A quick curse was all it took. Two simple words and a flash of green to make the Dark Lord disappear for good. In the morning the world would hail Harry Potter as a hero but I doubt that the Order would. After all, any of them could have killed Voldemort whilst he was asleep! His last words, according to Mrs Fortescue, had been: “Chocolate makes me sleepy…” accompanied by a yawn.

I could see the Daily Prophet headline now: BOY WHO LIVED TRIUMPHS ONCE AGAIN and in that moment it became clear to me why I could never have been a journalist. Still, despite my skills with conjuring up headlines, I knew that the overall effect would be the same. They would love the boy and no one would mention that the Dark Lord had been asleep at the time, just so that the world had their hero.
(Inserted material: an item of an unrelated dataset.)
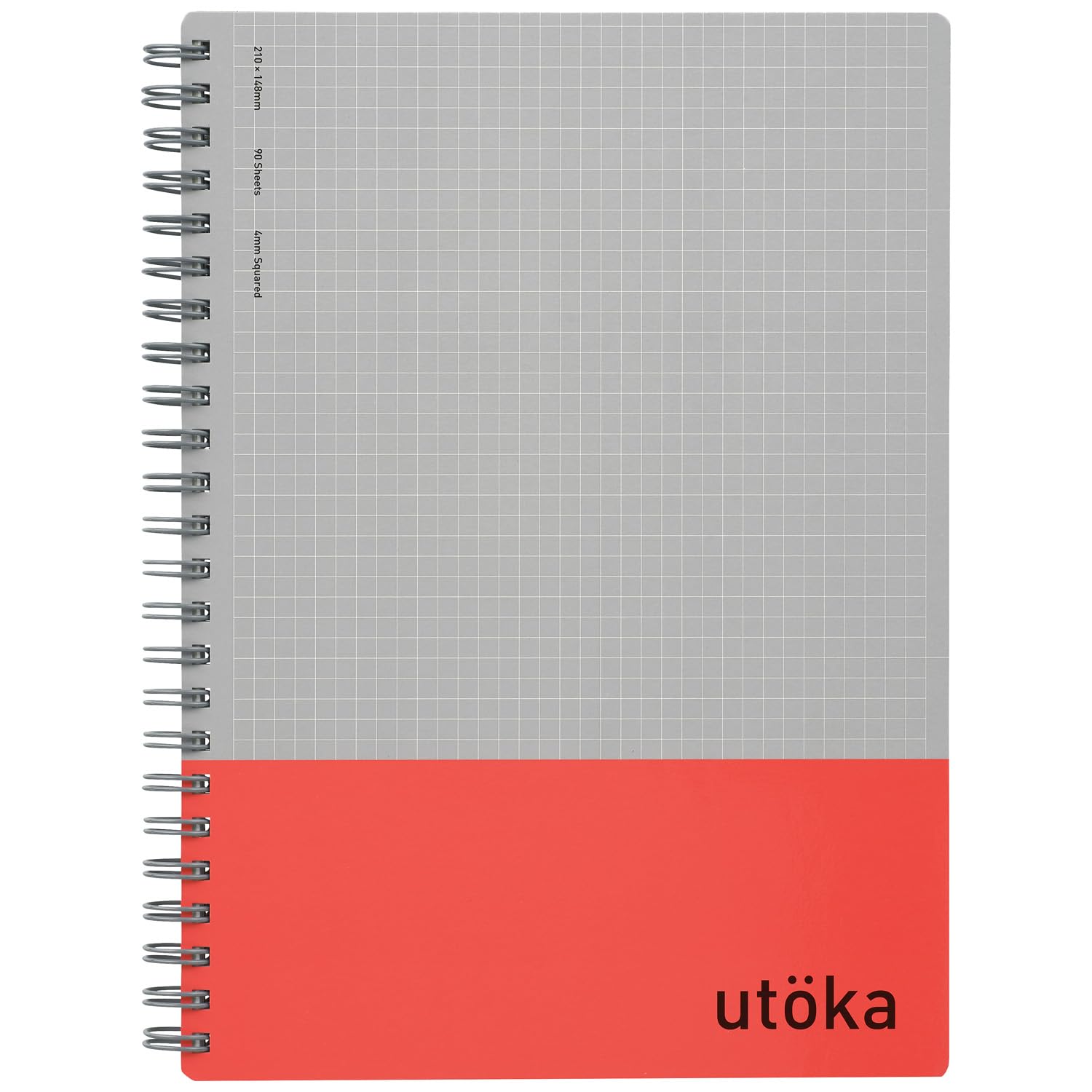 Maruman N460-01 Utoka A5 Notebook, Ring Notebook, 0.2 inch (4 mm) Ruled, Red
The world went back to normal. Diagon Alley became busy again. Potter and his friends returned to school whilst the Order disbanded, promising to keep in touch. Dumbledore was gone, as was Riddle and Grindelwald: the three great wizards of the age but the wand which had seen them all lived on. I always would, I decided as Potter picked me up and threw me at Granger’s head. Life might be worth watching for a little longer and perhaps I’d find myself in the company of other, better wizards in the near future. Ones who it took more than a little ice cream to put into a deep stupor perhaps.